As maiores dificuldades, segundo Moss, estão nas questões estruturais quanto aos papeis tradicionais: “O número de mulheres na posição de gerência ainda é pequeno e os homens não ocupam postos convencionalmente femininos”. Quando a Noruega implementou uma lei de cotas para participação feminina em cargos de diretoria, a presença delas era de 6%; atualmente, as mulheres ocupam 40% dessas posições.

 

“É preciso entender que a Noruega enfrentou um longo processo, avançando passo após passo”, complementou. Para ela, o caminho para a mudança só é possível com a conciliação entre medidas punitivas – como multas – e outras mais brandas – como campanhas de incentivo à participação feminina.

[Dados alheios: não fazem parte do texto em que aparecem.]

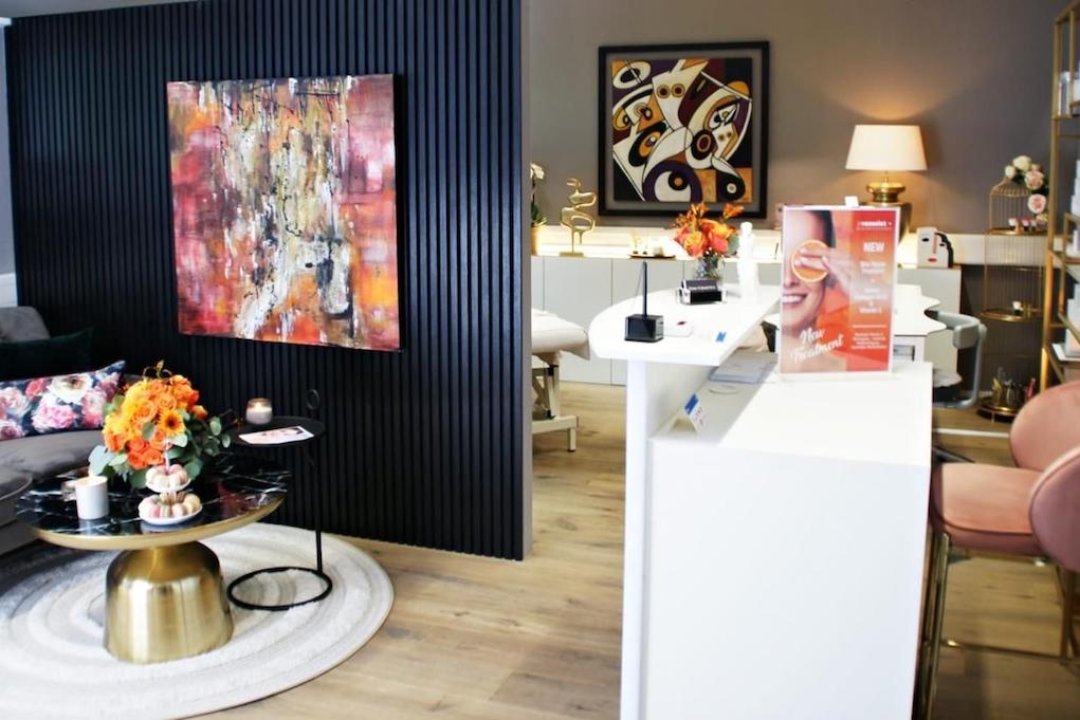 Tone cosmetics, Zofingen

Por mais mulheres no comando: experiência da Noruega foi apresentada pela pesquisadora Sigrun Marie Moss, da Universidade de Oslo. Foto: Luis Gustavo Prado/Secom UnB

 

A pesquisadora da UnB Flávia Biroli afirmou que o Brasil vive hoje uma situação complexa e paradoxal, que se constitui em uma barreira à representatividade das mulheres. “Embora a agenda de gênero e debate feminista esteja muito presente no cenário atual, há um processo de reação aos ganhos que a luta feminista vem tendo, especialmente no meio político, ainda majoritariamente masculino”, pontuou. Para ela, o desafio é o fortalecimento do feminismo no país, buscando o engajamento da mulher, especificamente nos partidos políticos.

 

MULHERES NEGRAS Coordenadora do Núcleo de Estudos Afro-Brasileiros (Neab/Ceam) da Universidade, a professora Renísia Filice enfatizou como a desigualdade de gênero é ainda maior para mulheres negras. De acordo com a docente, a sociedade brasileira vive um racismo patriarcal heteronormativo. “Vivemos uma cultura do sexismo, em que se banalizam as mortes de mulheres negras ou pessoas LGBT e não se discute o privilégio branco, os estereótipos racistas e as práticas de exclusão.”

 

Ela criticou o desmantelamento das políticas sociais, que tem piorado o cenário. Em 1993, cerca de 2% dos cargos executivos de grandes empresas eram ocupados por negros. Dezessete anos depois, em 2010, o número pouco mudou, chegando a 5%. “As ações afirmativas dos últimos anos podem ter movimentado um pouco as conjunturas, mas ainda não conseguiram atingir as estruturas e alterar de modo significativo essa realidade”, avaliou. Comparando com a experiência dos países nórdicos, Renísia apontou que, no Brasil, a luta pelos direitos humanos ainda perpassa uma questão de sobrevivência, uma vez que as mulheres negras são as maiores vítimas de feminicídios.

 

Trabalhando com questões de gênero há mais de duas décadas, a fundadora da Casa da Mãe Joanna, Joanna Burigo, também participou do encontro. Ela resgatou a história recente do Brasil, quando estudantes secundaristas foram protagonistas de ações de resistência contra o poder patriarcal, em 2016. “Mesmo sendo tão jovens, elas efetivamente conseguiram transformar e concretizar uma série de demandas”, lembrou. Burigo enfatizou que, em um mundo cada vez mais polarizado, é preciso construir pontes entre as gerações.

 

Estudante de Ciências Sociais na UnB, Stephany Raianny assistiu ao debate e contou que se interessa muito pela temática da igualdade de gênero. “É preciso estar discutindo sempre. Quanto mais informação for divulgada, mais condições teremos para enfrentar o problema”, acredita.

 

SOBRE Promovido pelas Embaixadas Nórdicas e pelo Instituto Cultural da Dinamarca (ICD), o projeto Diálogos Nórdicos no Brasil realizou dois painéis de debate no anfiteatro 9 do ICC. O primeiro teve como tema a construção de bases para a igualdade de gênero nos campos político, econômico e social. O segundo focou na contribuição da juventude para o enfrentamento da desigualdade de gênero.

 

A programação também inclui uma mostra nórdica de filmes da diversidade, que ainda terá exibições nos dias 20 e 27 de junho e 4 de julho. As obras serão exibidas no auditório do Instituto de Ciência Política e do Instituto de Relações Internacionais (Ipol/Irel), entre 12h e 14h.

 

Entre os dias 11 e 12 de junho, foi realizado o seminário Equidade de Gênero: Representação Política das Mulheres, na Escola Nacional de Administração Pública (Enap). Na tarde desta quarta-feira (13), o grupo visitou a Comissão de Defesa dos Direitos da Mulher, na Câmara dos Deputados. O debate promovido na UnB contou com apoio da Diretoria da Diversidade do Decanato de Assuntos Comunitários (DIV/DAC).